"""

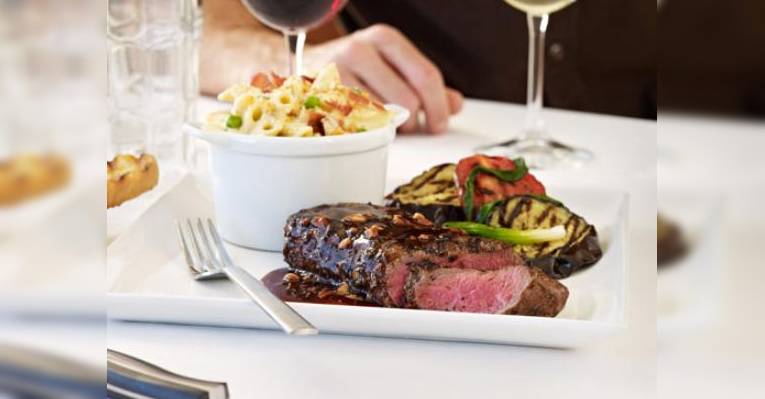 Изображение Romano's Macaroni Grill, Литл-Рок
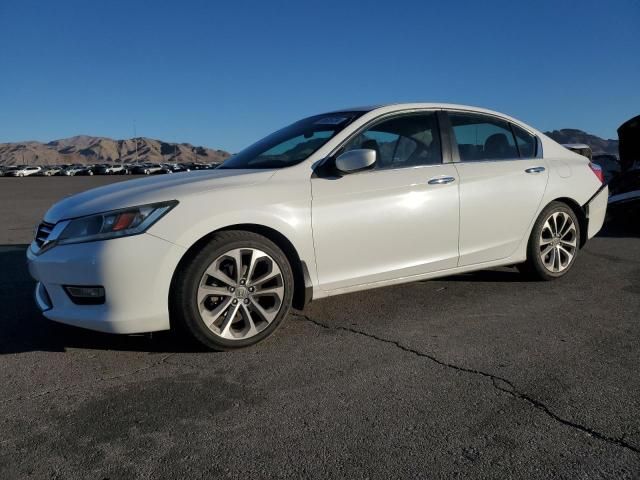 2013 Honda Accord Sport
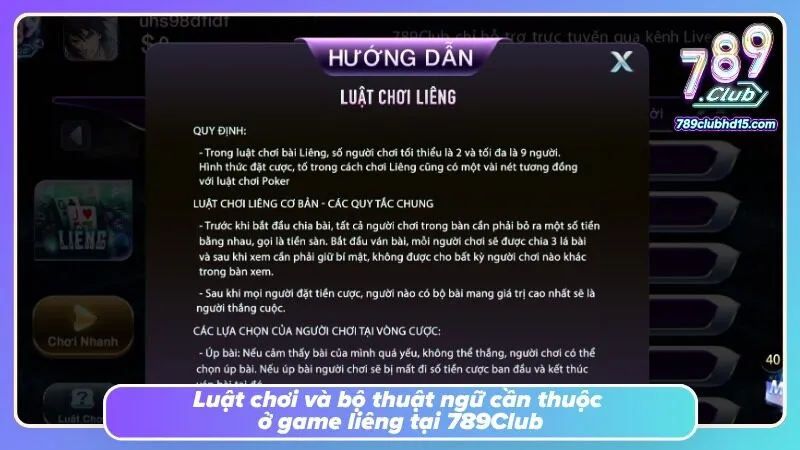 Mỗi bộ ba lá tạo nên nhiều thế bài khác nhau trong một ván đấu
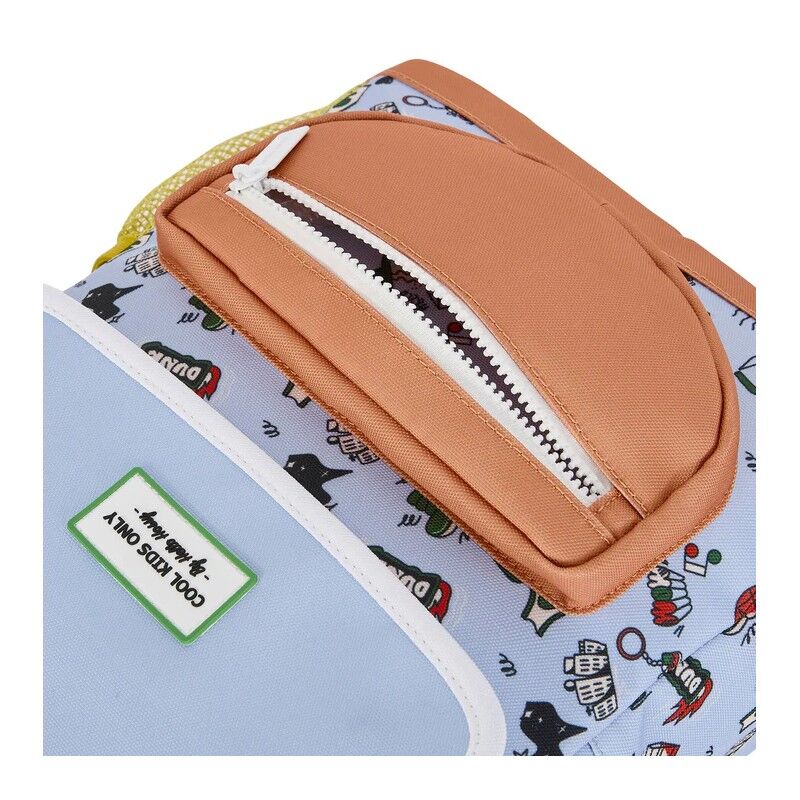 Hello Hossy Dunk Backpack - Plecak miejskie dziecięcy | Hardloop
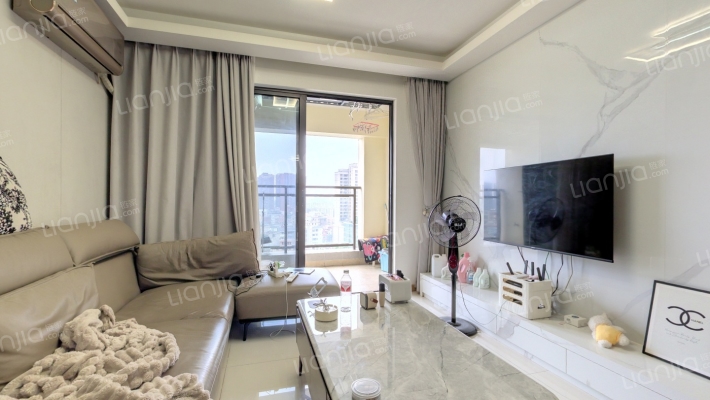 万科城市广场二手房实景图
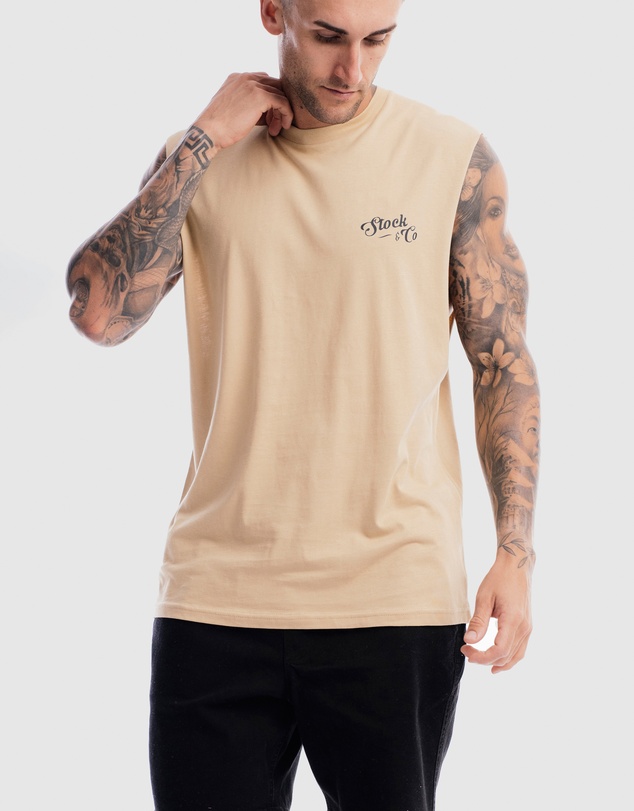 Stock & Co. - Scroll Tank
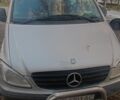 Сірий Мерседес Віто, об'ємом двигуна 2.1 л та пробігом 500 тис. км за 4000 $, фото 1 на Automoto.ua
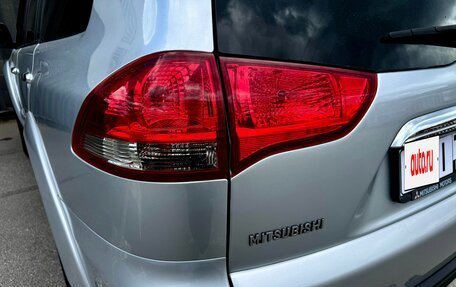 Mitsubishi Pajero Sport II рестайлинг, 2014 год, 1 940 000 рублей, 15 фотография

"""

Transcribe each record exactly as it appears, but omit every picture.

 Изображение Romano's Macaroni Grill, Литл-Рок
 2013 Honda Accord Sport
 Mỗi bộ ba lá tạo nên nhiều thế bài khác nhau trong một ván đấu
 Hello Hossy Dunk Backpack - Plecak miejskie dziecięcy | Hardloop
 万科城市广场二手房实景图
 Stock & Co. - Scroll Tank
 Сірий Мерседес Віто, об'ємом двигуна 2.1 л та пробігом 500 тис. км за 4000 $, фото 1 на Automoto.ua
 Mitsubishi Pajero Sport II рестайлинг, 2014 год, 1 940 000 рублей, 15 фотография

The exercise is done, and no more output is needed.